Statistical features of human exons and their
flanking regions
M. Q. Zhang
Cold Spring Harbor Laboratory, PO Box 100, Cold Spring Harbor,
NY 11724, USA
Human Molecular Genetics, 7(5), 919-932 (May 1998)
Abstract
To facilitate gene finding and for the investigation of human
molecular genetics on a genome scale, we present a comprehensive
survey on various statistical features of human exons. We first show
that human exons with flanking genomic DNA sequences can be
classified into 12 mutually exclusive categories. This classification
could serve as a standard for future studies so that direct
comparisons of results can be made. A database for eight categories
(related to human genes in which coding regions are split by introns)

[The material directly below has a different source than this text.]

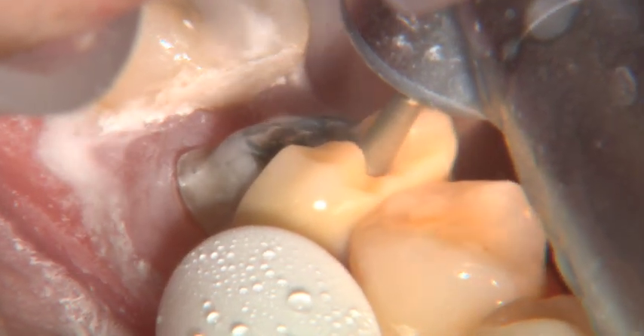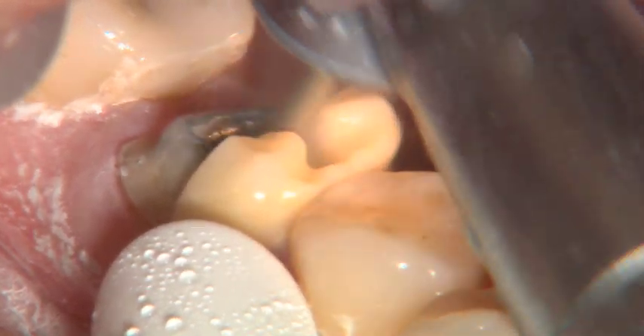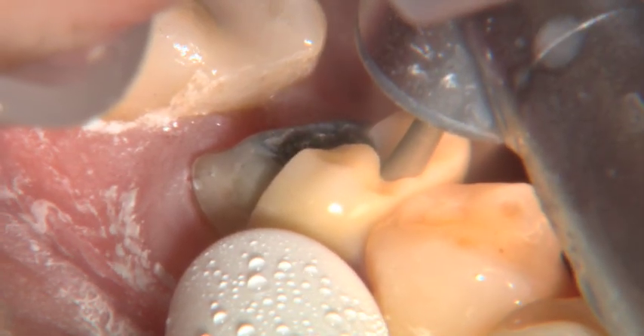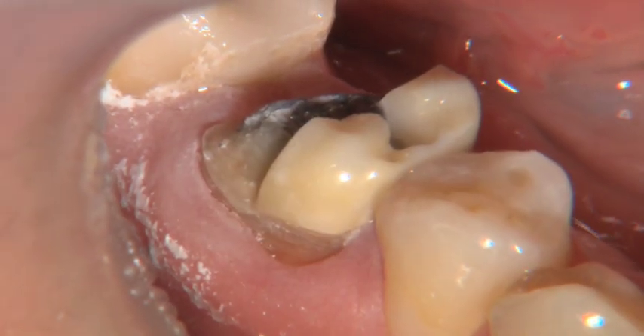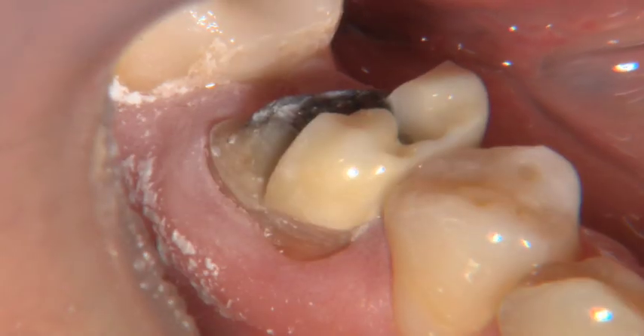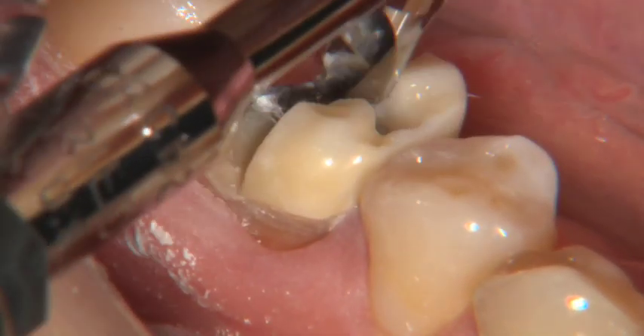This is one of the difficulties with all-ceramic crowns as opposed to a PFM — you can't bend the framework, bend the substructure, and then remove the whole thing. When you go to bend it, it breaks and you have to take it off in pieces. So typically we're taking off three, maybe four different pieces of crown — usually four, I would say.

was built from GenBank release 87.0 and analyzed by a number of
methods to characterize statistical features of these sequences that
may serve as controls or regulatory signals for gene expression. The
statistical information compiled includes profiles of signals for
transcription, splicing and translation, various compositional
statistics and size distributions. Further analyses reveal novel
correlations and constraints among different splicing features across
an internal exon that are consistent with the Exon Definition model.
This information is fundamental for a quantitative view of human
gene organization, and should be invaluable for individual scientists
to design human molecular genetics experiments.